化工进展
化工進展
화공진전
CHEMICAL INDUSTRY AND ENGINEERING PROGRESS
2013年
6期
1435-1438
,共4页
吴婷婷%朱葛夫%邹然%刘琳%黄栩%刘超翔
吳婷婷%硃葛伕%鄒然%劉琳%黃栩%劉超翔
오정정%주갈부%추연%류림%황허%류초상
乙酸%发酵障碍%微生物电解池%生物制氢
乙痠%髮酵障礙%微生物電解池%生物製氫
을산%발효장애%미생물전해지%생물제경
acetic acid%fermentation barrier%microbial electrolysis cell (MEC)%bio-hydrogen production
采用单室微生物电解池(MEC)反应器为实验装置,通过预处理技术强化发酵制氢废液中乙酸的积累,并将该发酵废液作为底物,考察了以废液中累积的乙酸作为主要电子供体、碳布为阳极、涂布有Ni纳米颗粒的不锈钢网为催化阴极的产氢效果.结果表明,在MEC中,以预处理的发酵制氢废液积累的乙酸为底物,最高产氢率可达(1.31±0.04) m3H2/(m3·d)和(2.78±0.11) mLH2/mgCOD ,同时可获得138.6%±3.1%的能量效率和99.0%±0.3%的COD去除率.实验表明,利用MEC可将发酵末端产物进一步降解,从而减弱了“发酵障碍”现象,实现了治污和产能的统一.

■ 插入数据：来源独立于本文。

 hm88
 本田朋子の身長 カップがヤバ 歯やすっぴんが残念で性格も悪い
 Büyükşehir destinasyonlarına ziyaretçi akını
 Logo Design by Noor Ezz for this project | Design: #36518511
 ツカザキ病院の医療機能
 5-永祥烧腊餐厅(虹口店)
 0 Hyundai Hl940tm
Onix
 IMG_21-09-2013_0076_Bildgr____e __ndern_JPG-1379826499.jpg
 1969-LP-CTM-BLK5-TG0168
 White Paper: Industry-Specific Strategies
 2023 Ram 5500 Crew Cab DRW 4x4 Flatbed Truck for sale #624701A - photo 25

採用單室微生物電解池(MEC)反應器為實驗裝置,通過預處理技術彊化髮酵製氫廢液中乙痠的積纍,併將該髮酵廢液作為底物,攷察瞭以廢液中纍積的乙痠作為主要電子供體、碳佈為暘極、塗佈有Ni納米顆粒的不鏽鋼網為催化陰極的產氫效果.結果錶明,在MEC中,以預處理的髮酵製氫廢液積纍的乙痠為底物,最高產氫率可達(1.31±0.04) m3H2/(m3·d)和(2.78±0.11) mLH2/mgCOD ,同時可穫得138.6%±3.1%的能量效率和99.0%±0.3%的COD去除率.實驗錶明,利用MEC可將髮酵末耑產物進一步降解,從而減弱瞭“髮酵障礙”現象,實現瞭治汙和產能的統一.

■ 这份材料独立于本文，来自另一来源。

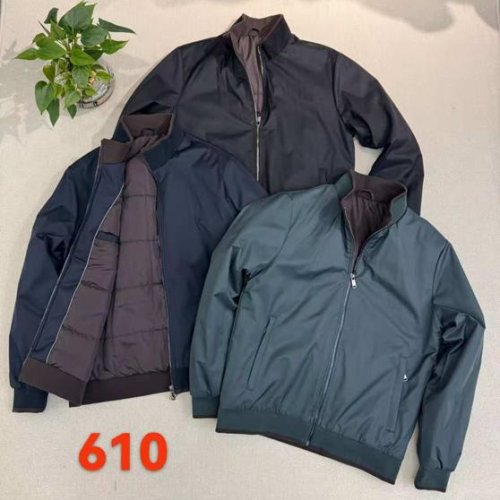 Куртка Hous Of Timur (M-3XL) 610 green (деми) Hous Of Timur 610 green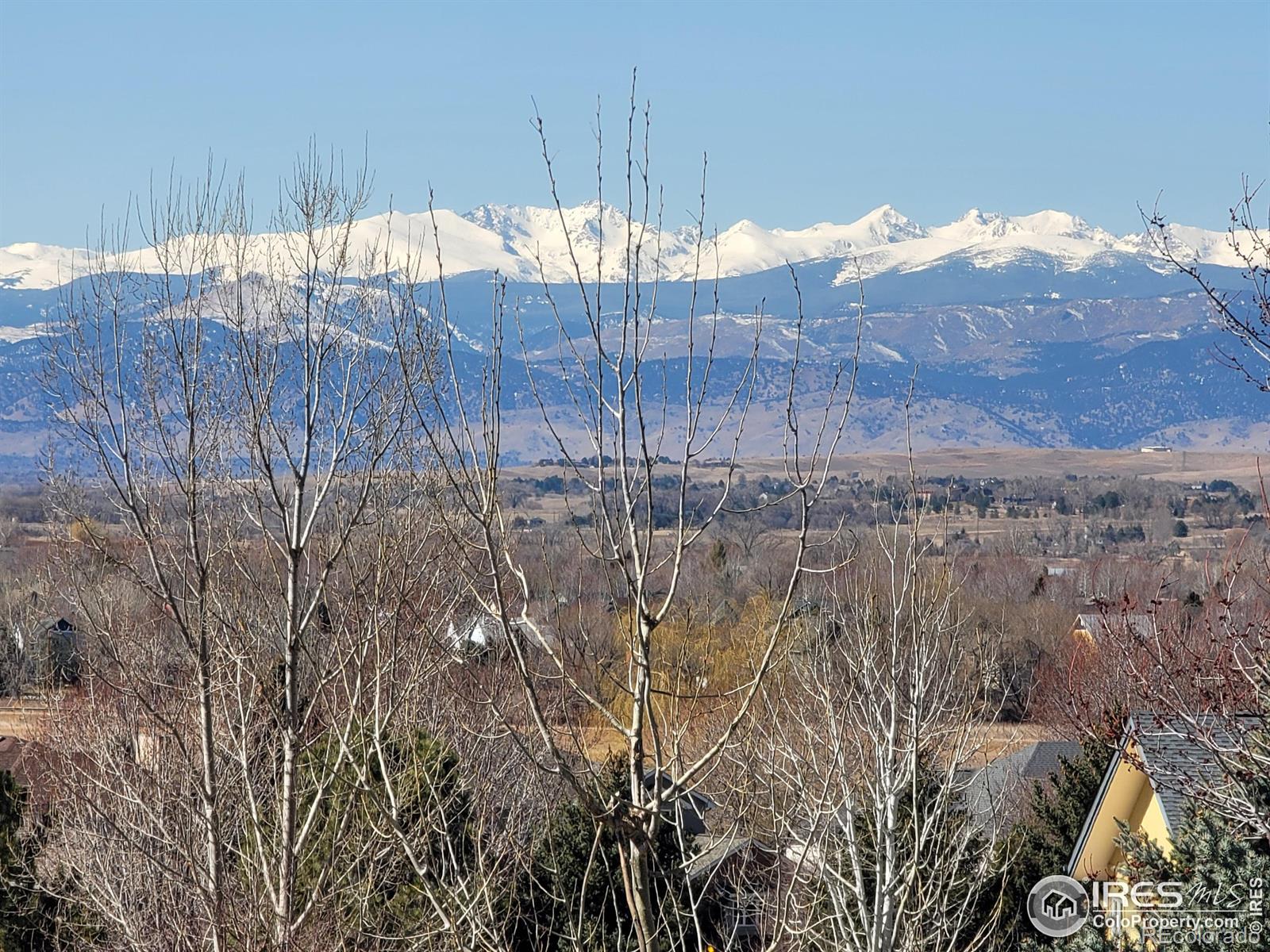 MLS Image #29 for 90  baker lane,erie, Colorado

채용단실미생물전해지(MEC)반응기위실험장치,통과예처리기술강화발효제경폐액중을산적적루,병장해발효폐액작위저물,고찰료이폐액중루적적을산작위주요전자공체、탄포위양겁、도포유Ni납미과립적불수강망위최화음겁적산경효과.결과표명,재MEC중,이예처리적발효제경폐액적루적을산위저물,최고산경솔가체(1.31±0.04) m3H2/(m3·d)화(2.78±0.11) mLH2/mgCOD ,동시가획득138.6%±3.1%적능량효솔화99.0%±0.3%적COD거제솔.실험표명,이용MEC가장발효말단산물진일보강해,종이감약료“발효장애”현상,실현료치오화산능적통일.
This research used a single chamber microbial electrolysis cell(MEC)as the reactor to treat the pretreated fermentation effluent rich in acetic acid to produce hydrogen. The accumulated acetic acid was chosen as the main electron donor,with carbon cloth as the anode and the stainless steel wire mesh coated with Ni nanoparticles as the catalyst. The experimental results showed that in the MEC fed by the fermentation effluent reached a maximum hydrogen yield of (1.31±0.04) m3H2/(m3·d) and (2.78±0.11) mLH2/mgCOD , and energy efficiency of 138.6%±3.1% with COD removal of 99.0%±0.3%. This research also revealed that MEC could degrade the liquid end-products spontaneously and decrease the“fermentation barrier”to realize production control and energy product.